> **SUPPLIED MATERIAL**
--------

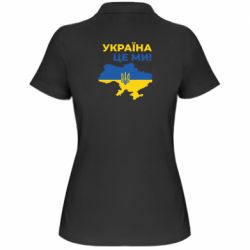 Поло женские - FATLINE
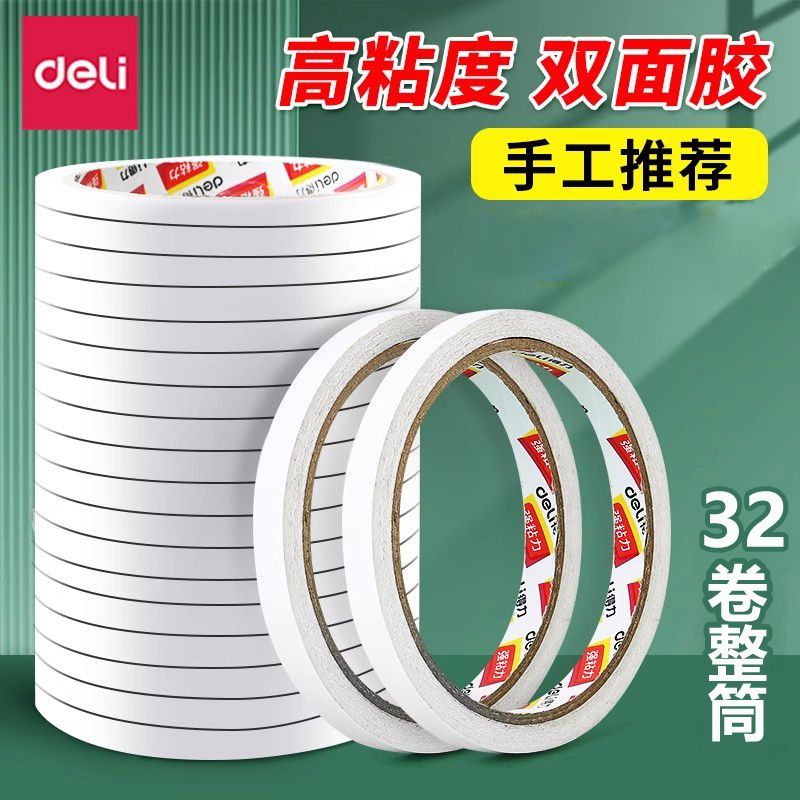 得力双面胶学生手工用多规格强力高粘度棉纸透明双面胶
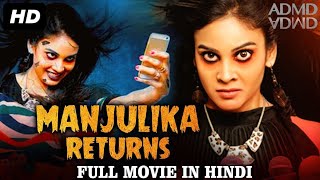 Manjulika return 2 Full Movie 2020  Hindi Dubbed south movie Full 1080p  Booth movie [upl. by Yrrek]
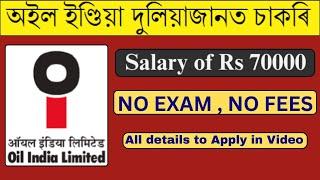 অইল ইণ্ডিয়াত নতুন নিযুক্তি ২০২৪ I NEW JOBS IN OIL INDIA LTD I Jobs in Assam  New Jobs in Assam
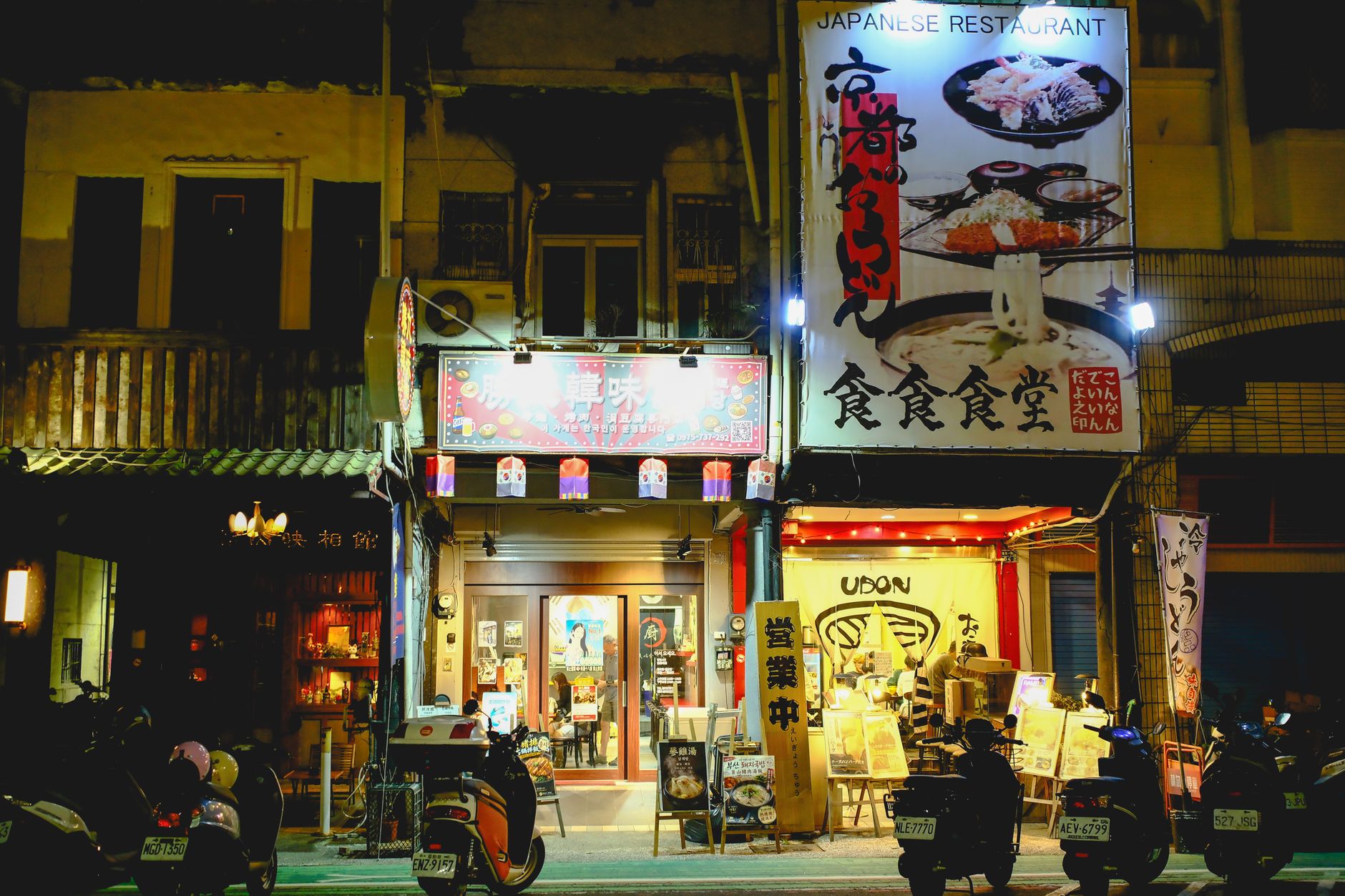 Liuhe Night Market signature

--------

> **WORK TO COMPLETE**
Leave every picture out, and transcribe the data above exactly as it reads.

> **ANSWER SECTION**
 Поло женские - FATLINE
 得力双面胶学生手工用多规格强力高粘度棉纸透明双面胶
 Manjulika return 2 Full Movie 2020  Hindi Dubbed south movie Full 1080p  Booth movie [upl. by Yrrek]
 অইল ইণ্ডিয়াত নতুন নিযুক্তি ২০২৪ I NEW JOBS IN OIL INDIA LTD I Jobs in Assam  New Jobs in Assam
 Liuhe Night Market signature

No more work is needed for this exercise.